The easiest way to identify a male factor problem is to do a “sperm test” otherwise known and semen analysis. Semen analysis should be undertaken in all couples seeking investigation for infertility regardless of whether there is an identified female problem or a suspected male factor problem. Even if the male partner has previously fathered children a semen analysis is necessary since problems may have developed in the intervening time.
The analysis is a useful test that reveals important information on several sperm parameters. These include, the number (concentration) of sperm, the percentage of the sperm which are moving (motility), as well as the quality of the movement (progression) and the proportion of sperm that are normally shaped (normal forms). Further test include looking for the presence of antibodies to sperm. However, of all these sperm concentration is usually considered to be the most critical factor.

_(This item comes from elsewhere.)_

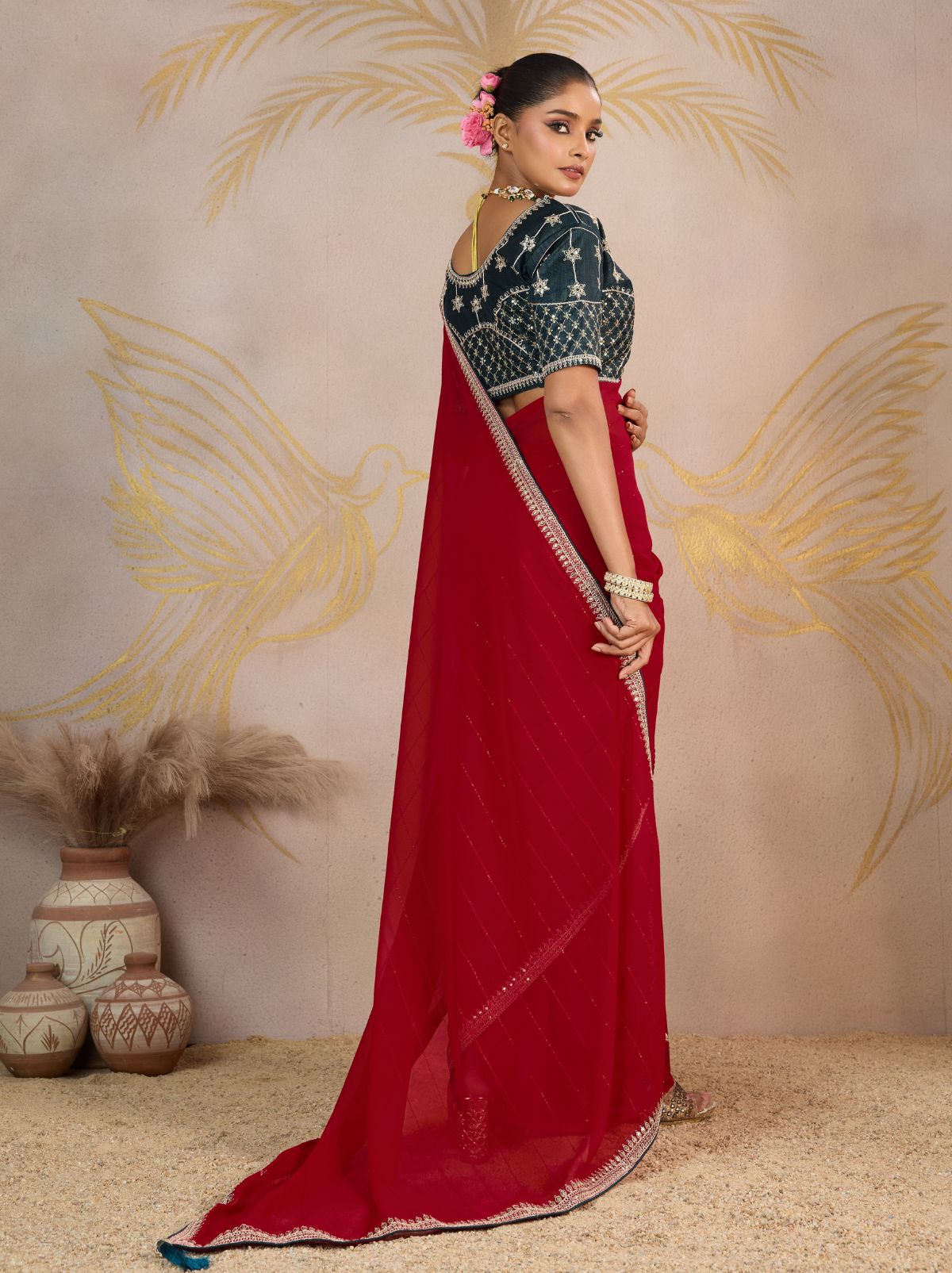 Ruby Pink Georgette Silk Party Saree with Zari & Sequin Border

If semen analysis result is abnormal, further investigations may be necessary to establish the cause. Sperm test results vary and could be normal one day and abnormal the next. Therefore we sometimes request a repeat test. One test to further explore sperm function is a post coital test, where the ability for the sperm to swim in a partner’s cervical mucus is assessed, another way is to do an advanced sperm recovery test.

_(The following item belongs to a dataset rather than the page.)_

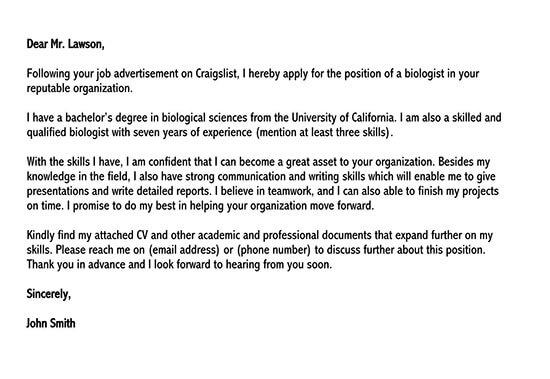 Professional Biology Cover Letter Example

The causes of male infertility may be hormonal, genetic or physical. Exposure to certain chemicals and infections or illnesses could also hamper male fertility. However, in most cases no obvious cause is found. Sometimes, if the sperm count is borderline or slightly low, some of the following factors may be worth considering:
Problems with male infertility can sometimes be improved by changes in lifestyle, diet or by taking vitamins. However, because sperm takes at least 3 months to develop on has to wait a while to see any improvement.

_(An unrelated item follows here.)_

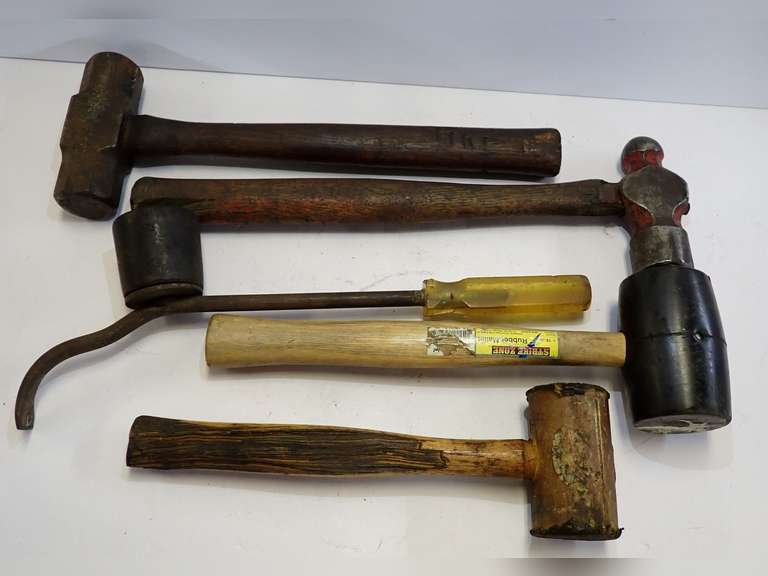 Lot of Assorted Hammers, Mallets and Pry Bar image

In other cases sophisticated Fertility treatment ma be required. The most successful of these is a form of IVF treatment called “Intracytoplasmic sperm injection” (ICSI). ICSI is the process whereby a sperm is injected directly into an egg and can be carried out even when there are very few sperm present. This technique has allowed many men too father children with their own genetic material where before sperm from a “donor” would have been used. Another option would be to undertake intra uterine insemination (IUI), where the best sperm are filtered and injected in to the female partner’s womb at the time of ovulation.
It is useful to remember that in many cases even if the sperm count is low or quality is poor, conception could still occur naturally, so don’t give up trying.